Tuesday, September 18, 2007

"Honey bees die after stinging.
The "stinger" is an undeveloped sex organ. Worker bees are undeveloped females, who will develop no further. In the fully developed female or queen bee the stinger is the ovipositor (egg depositing tube) connected to her ovaries, it's just a smooth sharp tube. In the fully developed male, or drone, it's the equivalent of a penis, but it's not smooth it has barbs on it and after he mates the barbs hang up in the queen and it gets ripped out of his body, family jewels and all.

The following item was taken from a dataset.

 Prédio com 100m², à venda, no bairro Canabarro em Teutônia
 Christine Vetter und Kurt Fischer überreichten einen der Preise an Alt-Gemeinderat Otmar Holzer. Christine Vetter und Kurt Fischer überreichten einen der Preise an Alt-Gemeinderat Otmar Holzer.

He dies from the injury, the queen absorbs his "testicles" and they become part of her body, she never has to mate again. In the workers the tube is also barbed, it's connected to poison glands that would be ovaries if she was sexually matured. When she stings the barbs cause the stinger, glands and all, to be ripped from her body, she dies from the injury."
-notmrjohn - top answer to question 'Do bees die after stinging?'



Shit. I knew about the "only breed once" and "stingers ripped out" and "workers are undeveloped females" but this is terror-out-of-space type crazy. Sci-fi alien surreal. The kind of thing they write about in horror stories about hive-minds or biological experiments gone horribly wrong. This is insane comic-book power-stealing collector-type villain shit.


Ladies, I am keeping my family jewels. As a consolation prize, my penis is not barbed. This is a fair trade.